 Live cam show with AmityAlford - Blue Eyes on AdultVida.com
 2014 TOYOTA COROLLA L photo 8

#####

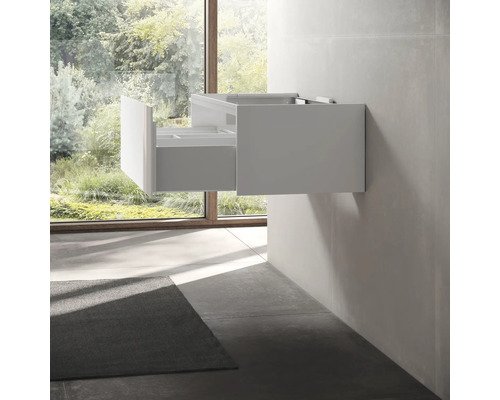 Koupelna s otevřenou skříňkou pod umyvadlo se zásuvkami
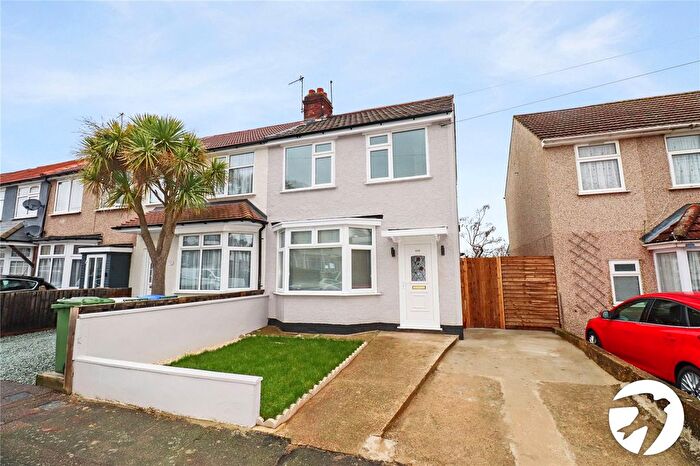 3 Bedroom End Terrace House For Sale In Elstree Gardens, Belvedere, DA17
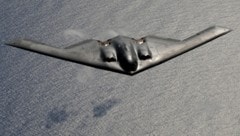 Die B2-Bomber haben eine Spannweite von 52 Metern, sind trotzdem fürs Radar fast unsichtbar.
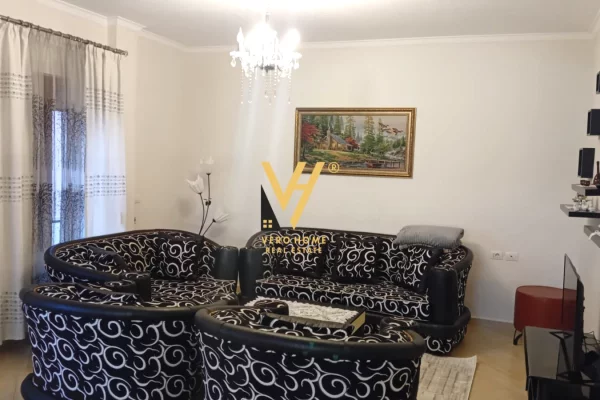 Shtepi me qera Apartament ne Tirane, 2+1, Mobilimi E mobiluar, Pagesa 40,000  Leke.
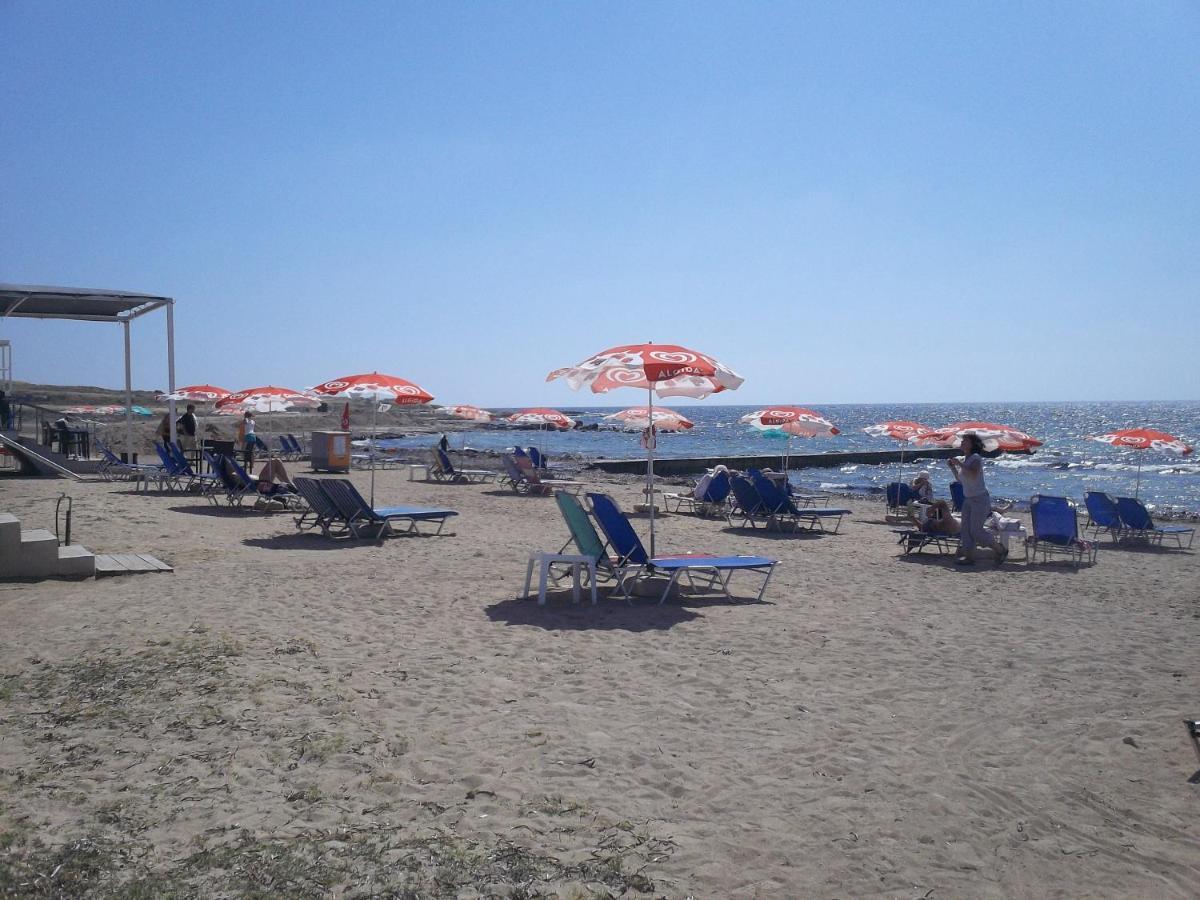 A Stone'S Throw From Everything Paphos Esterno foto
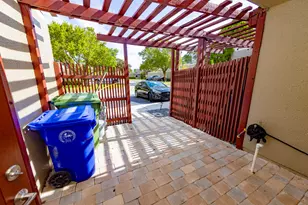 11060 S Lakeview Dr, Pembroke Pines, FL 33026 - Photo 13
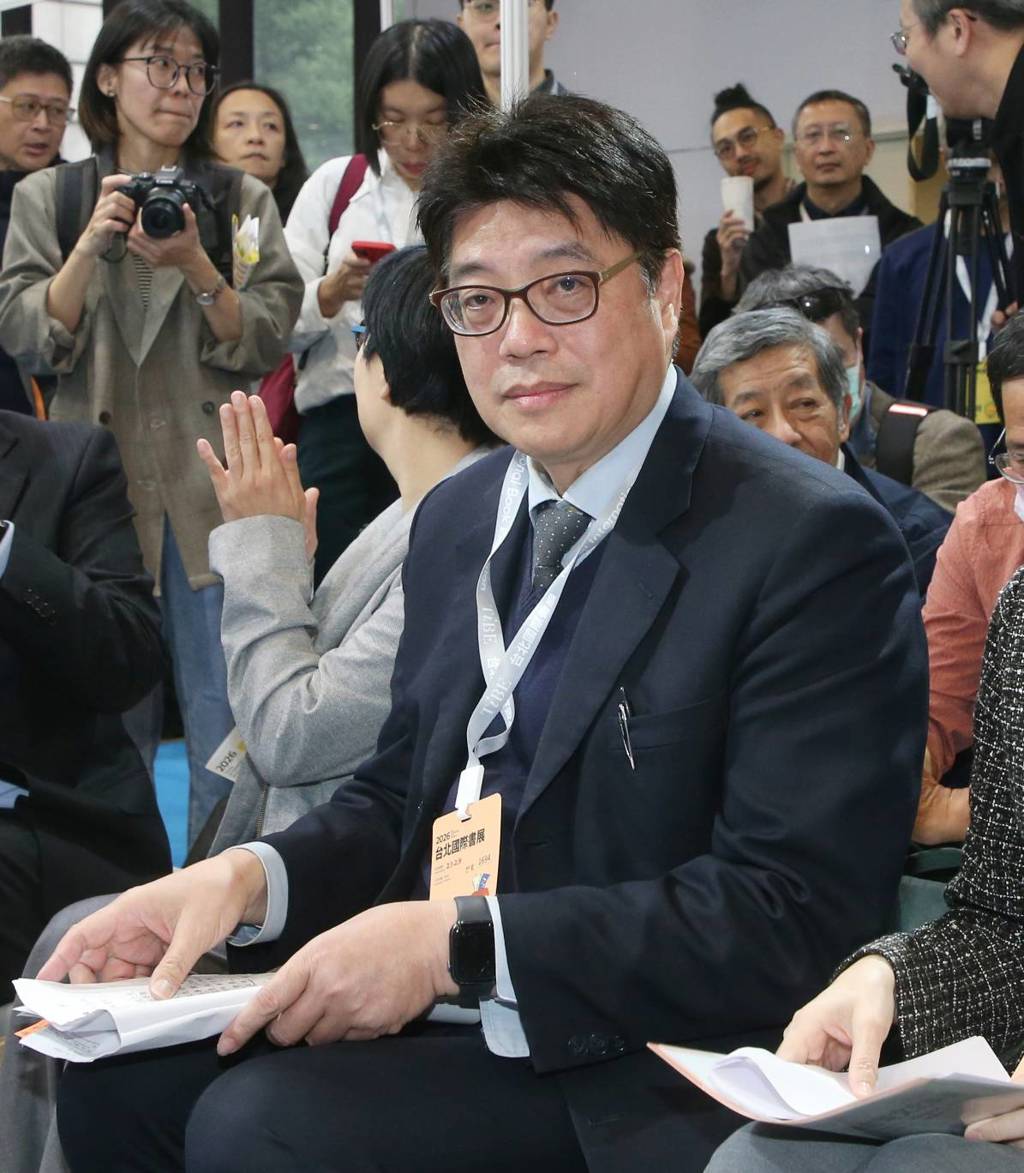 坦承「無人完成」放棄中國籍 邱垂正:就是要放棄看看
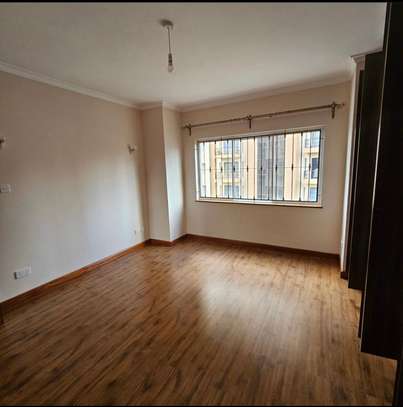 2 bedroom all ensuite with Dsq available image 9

#####

Your task: Only one part of the listing is wanted: the lines from the one containing "Shtepi me qera" through the one containing "2 bedroom all", both included. Please transcribe it exactly, leaving out the pictures.

Completed task:
 Shtepi me qera Apartament ne Tirane, 2+1, Mobilimi E mobiluar, Pagesa 40,000  Leke.
 A Stone'S Throw From Everything Paphos Esterno foto
 11060 S Lakeview Dr, Pembroke Pines, FL 33026 - Photo 13
 坦承「無人完成」放棄中國籍 邱垂正:就是要放棄看看
 2 bedroom all ensuite with Dsq available image 9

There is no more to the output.